Children have an uncanny ability to pick up all kinds of illnesses and conditions. You’ve probably already lost count of the number of colds your little one has managed to pick up! Frequent illness is something you come to expect as a parent, but some health issues can be a little more worrying than others; particularly if you know very little about them.

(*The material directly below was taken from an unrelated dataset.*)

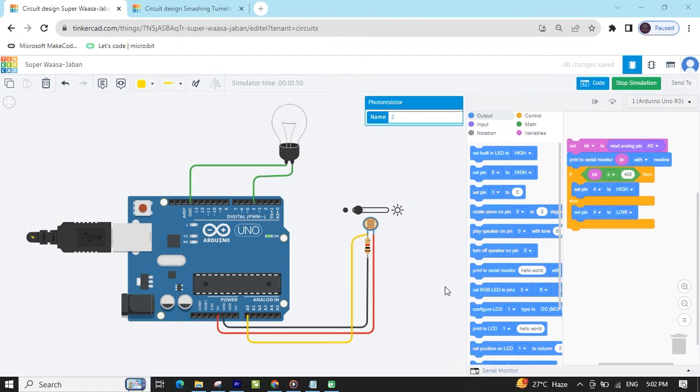Hello students, today we make an LDR sensor with Arduino. You can also call it a photoresistor with Arduino.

One common condition which can sound pretty scary, is Molluscum Contagiosum. If your baby or toddler has been diagnosed, or it’s been mentioned to you by a friend or relative that they may have the condition, you’re likely to be understandably concerned. To ease those concerns, here you’ll discover everything you need to know about Molluscum Contagiosum, also known as water warts.
What Is It?
Molluscum Contagiosum may sound serious, but it’s actually a harmless skin condition. Caused by the Molluscum virus,
a poxvirus, it’s an infectious disease which leads to the development of small growths within the top layers of the skin. It’s spread through direct contact with somebody who already has the condition.

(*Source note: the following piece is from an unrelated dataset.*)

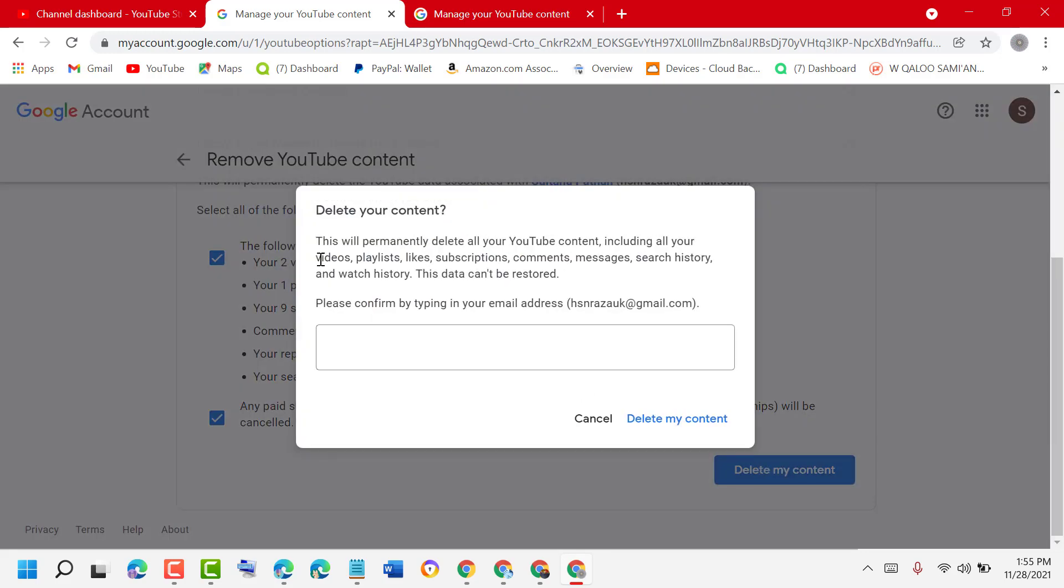This will permanently delete all your YouTube content including all your videos, playlists, likes, subscriptions, comments, messages, search history, and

Infants can be affected, but it typically develops in children aged 1-5. If your infant does develop the condition, the symptoms will usually be worse if they already suffer from Eczema.

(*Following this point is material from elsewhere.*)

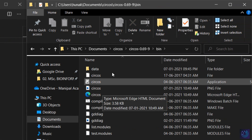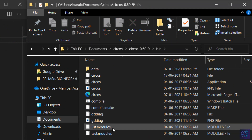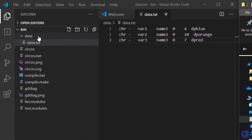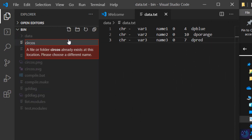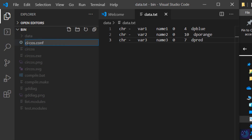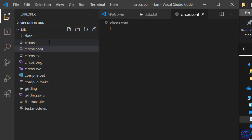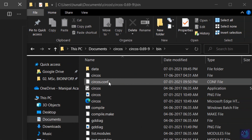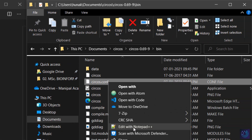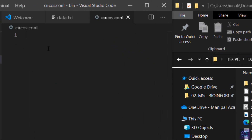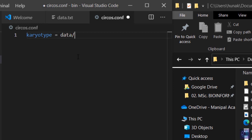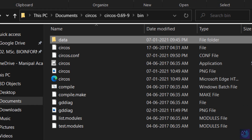Now let's go back to the bin folder. We need to write a configuration file. In the bin folder, click 'New File' and name it 'circos.conf' — the extension should be '.conf', not '.txt', because it's a configuration file. In this file, we first specify the karyotype data, which is in the folder 'data/data.txt'. In the next line, we create two tags: the first is an 'ideogram' tag, and the next is an 'image' tag which will contain the details of the image we generate.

The condition is considered highly contagious, so if your child does develop it, care should be taken to avoid infecting other children. This could mean keeping them away from day care until it can be controlled.
What Symptoms Should You Look Out For?
The main symptom associated with Molluscum Contagiosum, is small, raised skin-colored lesions. These lesions tend to have a small depression or dot in the center. They’ll either be found in a straight line, or in tiny clusters. They can occur anywhere on the boy, but in children they’re most commonly found on the neck, thighs, armpits, face and eyelids.
The number of lesions will determine how severe the condition is. If there’s less than 10 spots present, it’s considered mild. If there’s between 10 and 50 spots, it’s a sign of a moderate infection, while over 50 lesions points to a more severe infection.
The lesions don’t typically cause any pain, though they can become quite itchy. This can cause them to turn red and become inflamed.
Does It Need To Be Treated?
In most cases, Molluscum Contagiosum will clear up by itself within six to twelve months. However, you should have the condition diagnosed by a doctor to ensure it is the cause of the lesions. Depending upon the severity of the disease, the doctor may recommend treatment.
There’s a few treatment options available for moderate to severe cases including:
- Chemical application
With chemical applications, they can either be alkali or strong acid based chemicals which are applied to the affected areas. Cryosurgery involves freezing off the lesions, but the doctor may instead recommend other removal methods such as burning, laser or scraping them off. Finally, prescription creams may be used. However, in the majority of cases the disease does tend to clear up on its own without treatment.
An interesting fact about the treatment of the condition, is that all simple treatments used are designed to irritate the spots. This actively encourages the body to fight the infection and is why you’ll often see the spots become inflamed and red once treatment begins. It’s nothing to be worried about, it’s just showing the treatment is working.
One treatment which may be recommended is something commonly referred to as “Beetlejuice treatment”. However, while it can prove effective, many parents have warned against it due to how painful it leaves the area. It’s also known to leave behind scarring.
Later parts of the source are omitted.